Number ten in my hit-list of cool RPGs that I never actually played: from GDW, Frank Chadwick, Timothy B. Brown, Lester W. Smith, and Marc W. Miller's Traveller: 2300, later renamed 2300 AD. Despite the first edition's title, T2300 had nothing to do with GDW's flagship science fiction roleplaying game. Instead, it was a sequel to Twilight 2000. Three centuries (which the company gamed out) was long enough for humans to recover from the Twilight War, although not long enough to replace the nation-state and empire with something less pugilistic, develop star flight and explore the nearer stars, where it did not take too long to encounter aliens, peaceful and otherwise.
T2300 had many interesting features: alien aliens, an attempt to provide a hard SF RPG, and most notably the Near Star map, which did its best to provide a three dimensional map of the stars within 50 light years of the Solar System. It also had ... issues, from the confusing product name to playtest/proofreading issues that meant that _as written_, nine in ten characters were permanently comatose. Thus the 1988 second edition, renamed, polished, and expanded.

As I recall, GDW even allowed people with the first edition to swap the original box set for the second edition rather than making them pay for the same game twice.
The big background event was an ongoing war between humans and the alien Kafer but near space was a big place and it was possible to run games in regions of space unaffected by the war.

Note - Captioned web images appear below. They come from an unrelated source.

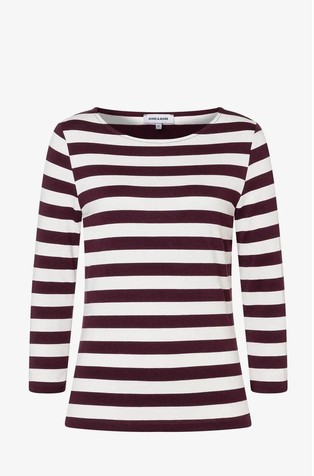 Striped 3/4 sleeve T-shirt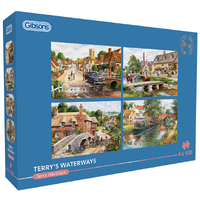 Gibsons - Terry's Waterways Puzzle 4 x 500pc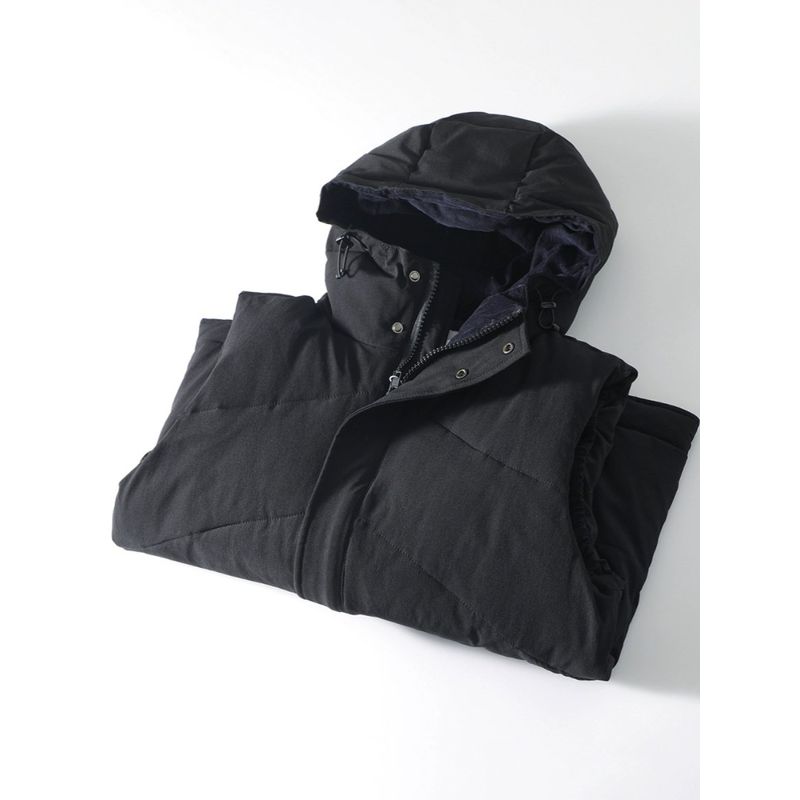 Japan fashion Retro Cotton-padded Vest Men's Winter Hood Warm Vest Outerwear Foreign Trade Cattle Goods Short Casual Vest Waistcoat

Alien races proved fairly common in our neck of the woods. In fact, there were enough for rather disquieting patterns to emerge. Common pathways for technological species included self-extermination (near miss for humans and Eber, success for the Little Guys and maybe the Medusae as well), and domination by a more powerful species (the Song, the Xiang, and the Ylii, with the Klaxun an edge case because humans had only just discovered the stone age aliens). Humans and Kafer were avid empire builders, keen on dominating other species [1]. Although humans were not aware of the fact, neither humans not Kafers were the most advanced species around: locally, that was whatever created the Pentapods, and on a grander scale there was something building dimensional bridges between the core of the galaxy and the outer arms.
The system was well supported, although the quality of the supplements was a bit hit or miss. Later on, GDW stitched on cyberpunk elements in an attempt to keep up with fashion.
We never played the system as written but we did use it for a locked room murder mystery IN SPACE, and a campaign, both using the HERO system.
1: It happened that humans had characteristics that inflamed Kafer paranoia, so there would have been conflict regardless of empire building.